During Women’s History Month, today’s #VeteranOfTheDay is Marine Veteran Vernice Armour, who served as a helicopter pilot during Operation Iraqi Freedom.
Vernice Armour was born in 1973 in Chicago, Illinois, and later lived in Memphis, Tennessee. She first joined the military as an Army Reserve Officers’ Training Corps cadet at Middle Tennessee State University in 1993. However, she took a break from college to follow her childhood dream of becoming a police officer. Armour became the first Black woman on the Memphis Police Motorcycle Squadron in 1996. Upon returning to school, she declined to continue her ROTC training and graduated in 1997.
While Armour decided against joining the Army, she applied for the Marine Corps Officer Candidates School one year after graduating. In an interview with the Quantico Sentry, Armour recounted her decision to apply: “I always jokingly say that the Army recruited me for the Marine Corps.”

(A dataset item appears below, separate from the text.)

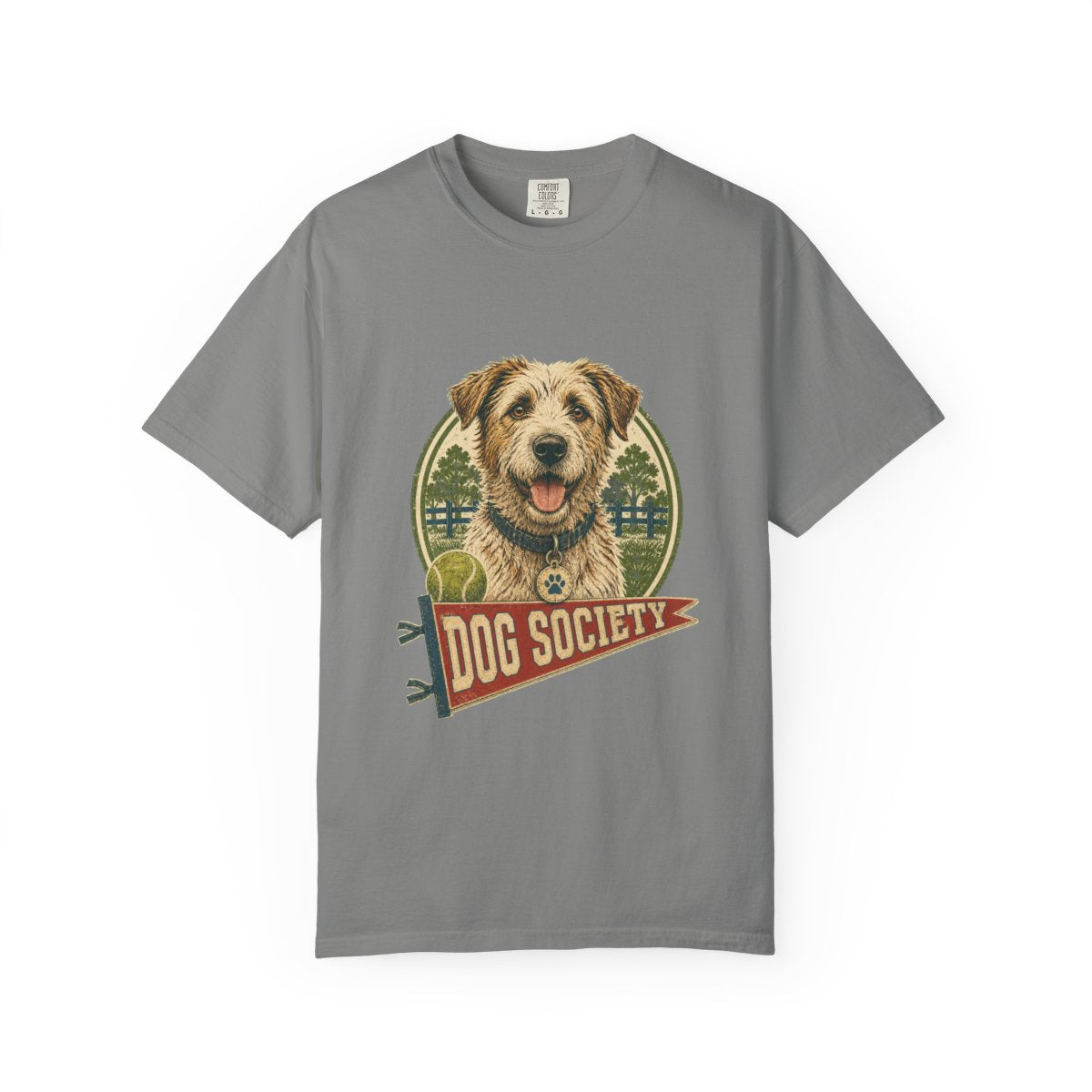 Dog Appreciation Society Tee in Granite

Armour completed her training in Quantico, Virginia, and commissioned as a second lieutenant in 1998. She immediately pursued a career in aviation. She attended flight school at Naval Air Station (NAS) Corpus Christi, Texas, and Pensacola, Florida. Armour graduated top of her class in 2001, and she went to Camp Pendleton, California, for further training.
At Camp Pendleton, Armour served with the HMLA-169 “Vipers” attack helicopter squadron and trained for two years flying the AH-1W Super Cobra. While she trained, Armour won multiple Marine athletic competitions and was named “Strongest Warrior” champion two consecutive years. In 2003, Armour deployed with the Vipers to Iraq as part of Operation Iraqi Freedom and flew combat missions. Armour’s aircraft often returned to base riddled with bullet holes, but she was committed to supporting her fellow Marines on the ground. That year, Armour was recognized by the Department of Defense as the first African American female pilot in the Marines.
Upon returning from Iraq, Armour became a diversity officer at the Pentagon before leaving at the rank of captain in 2007. As a civilian, she has become a motivational speaker and works across the country to share her experience in the Marines to a variety of audiences.
Thank you for your service!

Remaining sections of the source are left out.